Records to process:
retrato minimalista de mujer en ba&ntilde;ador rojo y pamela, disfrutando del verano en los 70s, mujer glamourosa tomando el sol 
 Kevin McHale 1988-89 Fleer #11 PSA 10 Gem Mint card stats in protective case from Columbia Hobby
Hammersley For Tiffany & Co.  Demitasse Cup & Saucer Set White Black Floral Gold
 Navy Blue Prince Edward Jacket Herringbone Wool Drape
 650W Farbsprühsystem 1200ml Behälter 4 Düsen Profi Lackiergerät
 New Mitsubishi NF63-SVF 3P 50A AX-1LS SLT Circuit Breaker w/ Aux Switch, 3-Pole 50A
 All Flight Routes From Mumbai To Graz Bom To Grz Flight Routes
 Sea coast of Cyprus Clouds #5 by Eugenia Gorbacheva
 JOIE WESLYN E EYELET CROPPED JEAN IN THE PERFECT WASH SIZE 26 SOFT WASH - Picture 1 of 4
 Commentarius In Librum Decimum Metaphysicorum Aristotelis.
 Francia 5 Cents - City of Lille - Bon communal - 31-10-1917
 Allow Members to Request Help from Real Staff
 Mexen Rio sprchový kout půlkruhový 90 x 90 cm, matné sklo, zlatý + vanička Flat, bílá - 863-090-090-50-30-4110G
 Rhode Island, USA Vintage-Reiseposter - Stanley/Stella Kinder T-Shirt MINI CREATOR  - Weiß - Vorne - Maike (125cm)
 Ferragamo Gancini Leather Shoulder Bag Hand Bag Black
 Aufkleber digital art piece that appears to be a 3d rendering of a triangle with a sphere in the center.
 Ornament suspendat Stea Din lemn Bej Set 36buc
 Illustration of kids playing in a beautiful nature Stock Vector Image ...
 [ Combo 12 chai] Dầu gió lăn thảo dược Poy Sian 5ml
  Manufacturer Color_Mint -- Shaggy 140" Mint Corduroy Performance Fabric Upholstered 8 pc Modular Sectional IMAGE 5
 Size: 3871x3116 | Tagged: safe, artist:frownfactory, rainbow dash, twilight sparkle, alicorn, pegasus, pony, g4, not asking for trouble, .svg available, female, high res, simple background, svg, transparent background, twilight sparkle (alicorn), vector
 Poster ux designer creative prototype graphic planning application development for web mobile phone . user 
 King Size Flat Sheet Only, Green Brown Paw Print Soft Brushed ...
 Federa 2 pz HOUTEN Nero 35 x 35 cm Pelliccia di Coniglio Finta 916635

Problem details:
Take the listing above and repeat exactly the lines from the one containing "Francia 5 Cents" through the one containing "Rhode Island, USA", both included.

Exercise response:
 Francia 5 Cents - City of Lille - Bon communal - 31-10-1917
 Allow Members to Request Help from Real Staff
 Mexen Rio sprchový kout půlkruhový 90 x 90 cm, matné sklo, zlatý + vanička Flat, bílá - 863-090-090-50-30-4110G
 Rhode Island, USA Vintage-Reiseposter - Stanley/Stella Kinder T-Shirt MINI CREATOR  - Weiß - Vorne - Maike (125cm)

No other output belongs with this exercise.